Una sera di giugno del 1994 il dolore esplode in un accesso di rabbia e Mencarelli, che ha vent'anni, viene ricoverato nel reparto psichiatrico di un ospedale. Siamo nei dintorni di Roma. Albano, Velletri. Fuori l'estate è caldissima, stanno per cominciare i mondiali di calcio negli Stati Uniti. Nella stessa stanza di Mencarelli sono ricoverate, come lui in TSO, altre cinque persone. Il libro è tutto nel racconto dei sette giorni trascorsi fra questa stanza e quella dove si svolgono i colloqui con i dottori, o nel corridoio di pochi metri su cui le due stanze si affacciano, e dell'umanità che vi è contenuta e che vi transita, inclusi gli infermieri. Sette giorni di una vita, e cinque destini che per un tratto, breve ma decisivo, si incrociano e si riconoscono. “Forse”, scrive Mencarelli, “questi uomini con cui sto condividendo la stanza e una settimana della mia vita, nella loro apparenza dimessa, le povere cose di cui dispongono, forse loro, malgrado tutte le differenze visibili e invisibili, sono la cosa più somigliante alla mia vera natura che mi sia mai capitato d'incontrare”.

Dolore

Molto dolore è contenuto nelle vite di queste persone, e molto dolore attenderà ancora Mencarelli, una volta finiti i giorni del ricovero.
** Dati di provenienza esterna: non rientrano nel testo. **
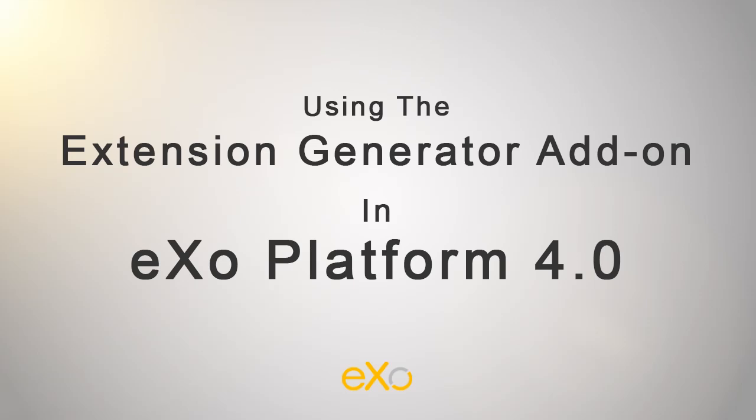Hello and welcome to this demonstration of the extension generator add-on in eXo Platform 4. This add-on helps you get an extension configuration which can hold your customizations done from the UI. You can make some customizations right from the administration UI and then export them into a WAR configuration extension.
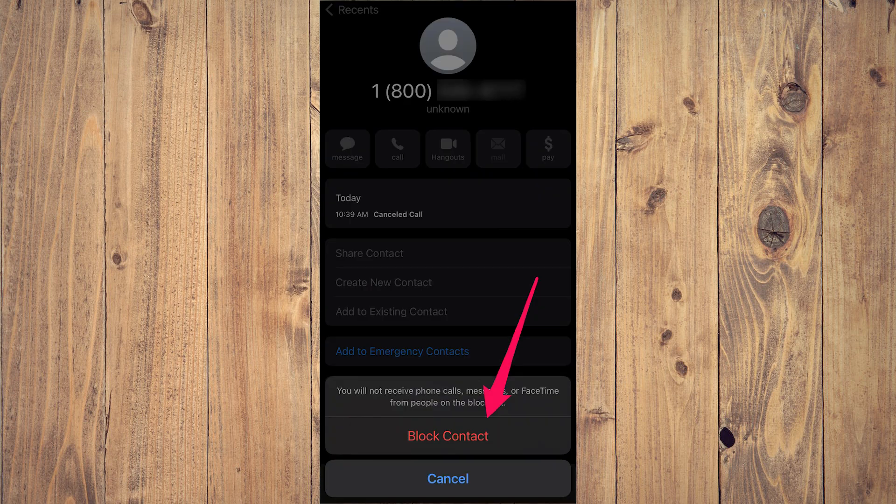Step four, tap block contact. A confirmation will appear to block the number, tap block contact, and you're done.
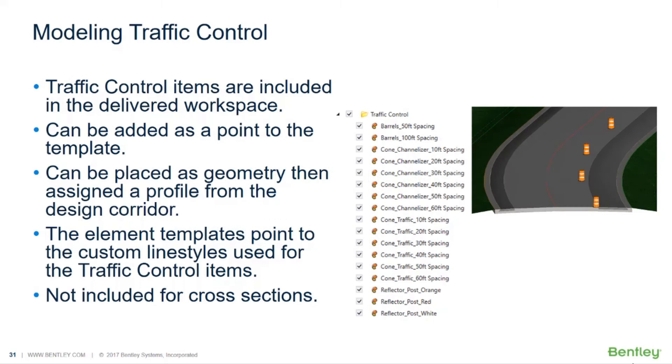Now what about traffic control? There are many types of traffic control: barrels, cone channelizers, traffic cones, raised reflective pavement markings, and posts in orange, red, and white colors along the edges of the shoulder. We've included several of these in the workspace.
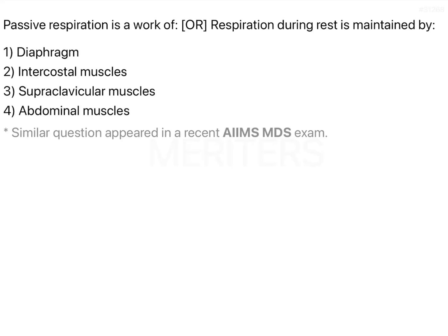Passive respiration, or respiration during rest, is maintained by which of the following? The options are: diaphragm, intercostal muscles, supraclavicular muscles, and abdominal muscles.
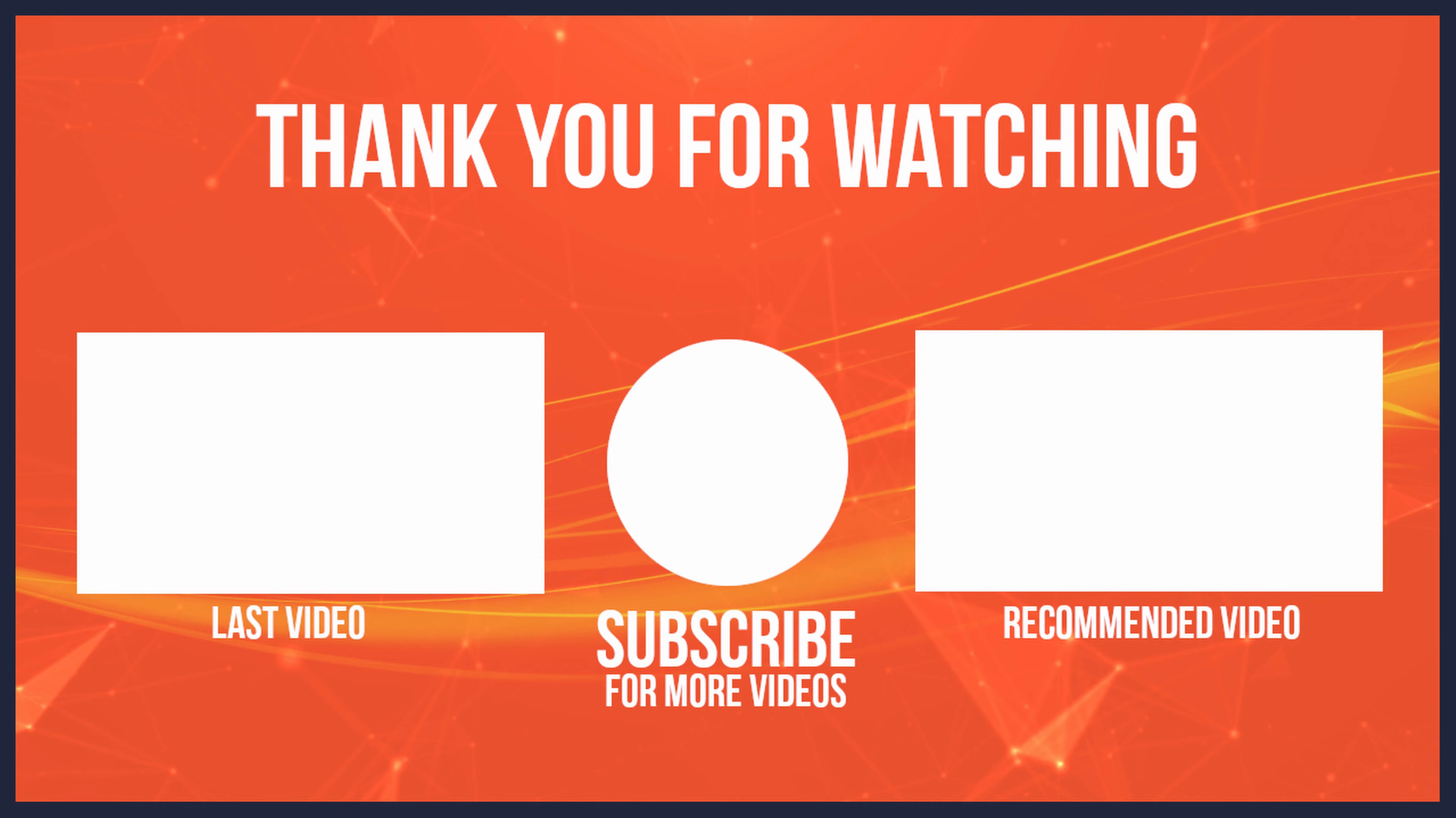Please do the things with the clicking, the liking and the subscribing and have a great day. Thanks for watching.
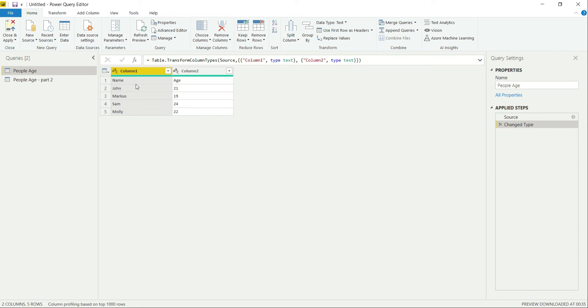So by looking at the data, it is clear to us that the first row of this table is a header, or which it should have been a header. So how can I convert this first row as a header for this table?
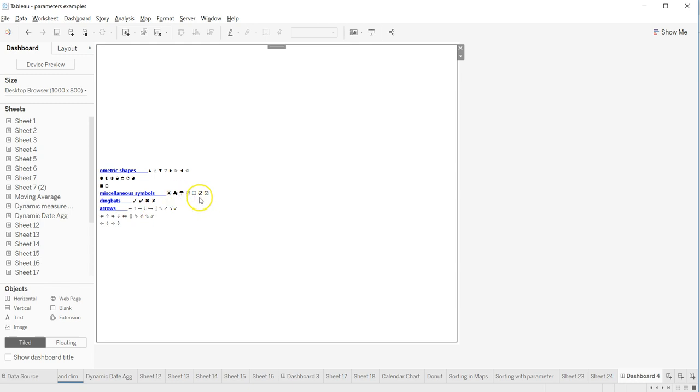These make your dashboard or sheets more meaningful for your end user. So that's about some of these Unicode characters and symbols, and I'll meet you in a new video.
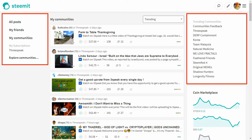Once you've logged into beta.steamit.com you should see something like this. I've put some red boxes around some important areas of information. You've got the first red box on the left-hand side with all posts — that's kind of like your trending page — then my friends, and then the community stuff: my communities and my subscriptions. I'm already part of 3Speak. On the right-hand side in the other red box we've got trending communities. Beta.steamit is now available to everyone, so you'll be able to join these communities and even start creating your own.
Ma forse dentro questo stesso dolore è contenuta, in un ossimoro rovesciato, anche una salvezza, e forse è questo che Mencarelli vuole dirci, infine: la bellezza è sparsa ovunque, come l'amore. Va presa, vissuta, coltivata – per quanto possibile, per quanto ci è dato. Ognuno vive come può, come riesce; e come può, come riesce, ognuno cerca di salvarsi.